Information supplied:
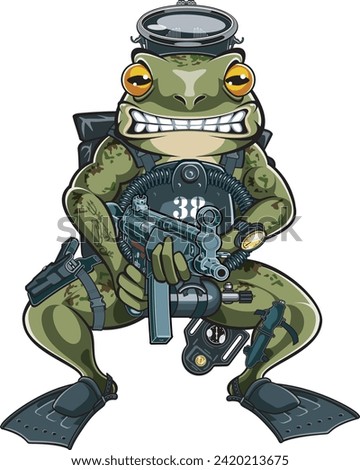 Cartoon style frog combat diver holding submachine gun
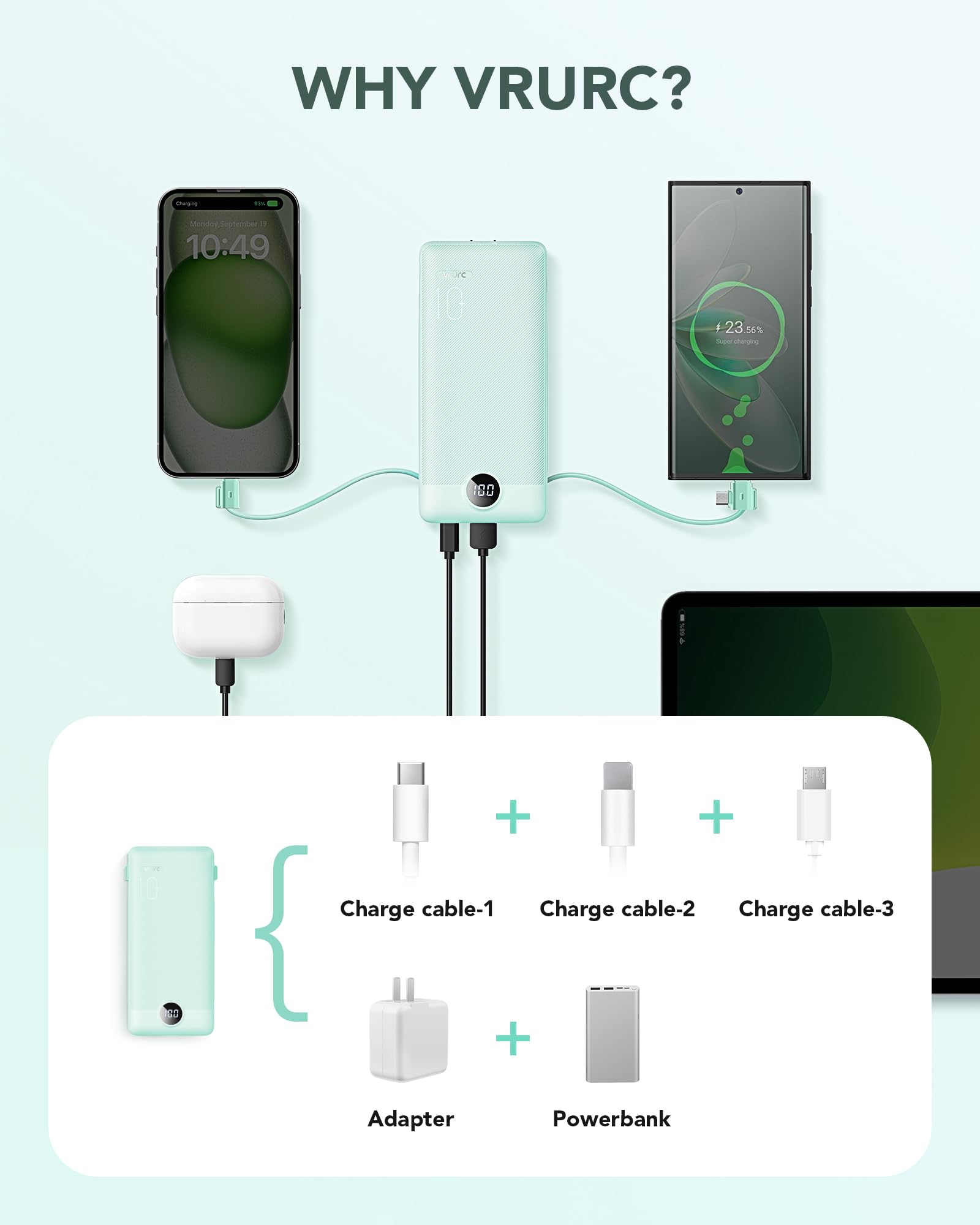 VRURC Portable Charger Built-in Cables and AC Wall Plug, USB C Po by VRURC - Angle View 4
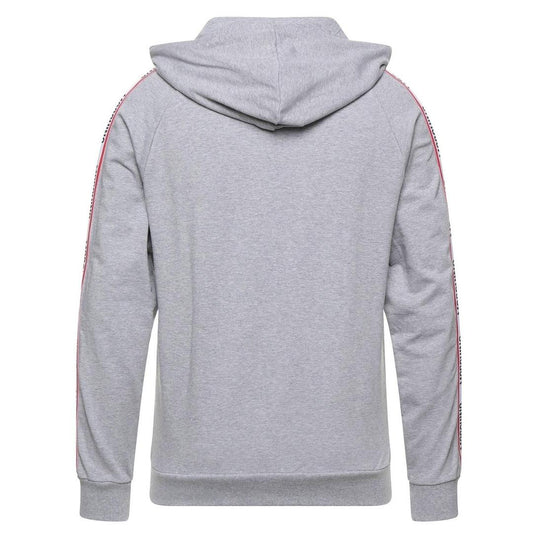 Moschino Brand Tape Logo Grey Zip Hoodie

Exercise directions: Omitting all images, print the listing exactly.

Output of the exercise:
 Cartoon style frog combat diver holding submachine gun
 VRURC Portable Charger Built-in Cables and AC Wall Plug, USB C Po by VRURC - Angle View 4
 Moschino Brand Tape Logo Grey Zip Hoodie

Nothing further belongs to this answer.